Friday, February 6, 2015

A week in Purgatory

I've often referred to time living with my mother as being in Purgatory. It's not quite Hell, but it certainly isn't heaven. Every time I have stayed with her for more than a day, in the past, had been because I failed at something- school, a relationship, a job, or life in general. My mother's house is filled with terrible memories of my childhood traumas, and of my failures as an adult. I had hoped this time would feel different. My relationship with my mother had improved over the past year or so. I wanted this time here to be a healing time, a time to reconnect with her and some of the few positive memories of my past. I knew I would have no responsibilities, and that she would take care of me. Unfortunately, it did not turn out like I hoped it would, and it wasn't my mother's fault. In fact, she has been nothing but kind to me for my entire stay.

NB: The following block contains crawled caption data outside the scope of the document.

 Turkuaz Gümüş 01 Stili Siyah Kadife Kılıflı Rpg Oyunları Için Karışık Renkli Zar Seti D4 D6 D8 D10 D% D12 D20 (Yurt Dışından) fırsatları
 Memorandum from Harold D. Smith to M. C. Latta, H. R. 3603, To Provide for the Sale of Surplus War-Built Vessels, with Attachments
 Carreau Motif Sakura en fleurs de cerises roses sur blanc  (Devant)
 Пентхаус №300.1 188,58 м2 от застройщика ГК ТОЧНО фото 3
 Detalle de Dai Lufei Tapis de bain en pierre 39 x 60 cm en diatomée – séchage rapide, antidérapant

But my brain could not wrap itself around the fact that it was temporary, that I was not going to be stuck here indefinitely, and that Matt was going to pick me up at the end of the week. And it sank in that most of my friends in the area had scattered to the wind, and those I had reached out to didn't care to visit because of the weather. Since I've been here, I haven't bathed or even changed clothes until this morning. Almost two feet of snow has fallen over the week. In this semi-rural area, it feels like I am isolated from everything. It will only be a matter of hours, now, before Matt comes to take me home, but it feels like days.

I would love to believe that once I get out of here, I will feel better, but I know better by now. This anxiety and depression follow me everywhere I go. Yes, it will be a comfort to be home with Matt and my kitties, but I know the illness will still be there, just as it's been for the last month. Even my anti-anxiety meds don't help. I don't know what to do anymore. I am desperate to feel better. I don't want to die, but I feel like I'm dying inside anyway.
Gods, please help me. It's not fair to me or anyone around me that I should be like this. I know Matt misses me, but I am sure a week away from my illness did him good. He's bringing Kate and Paul. I will be glad to see them, but I don't know how I am going to get through the weekend if they want to go out. There is always something around the corner to dread, isn't there? I want to stop thinking and feeling like this more than anything in the world. I am tired of writing about it. I am tired of living it. I am just tired.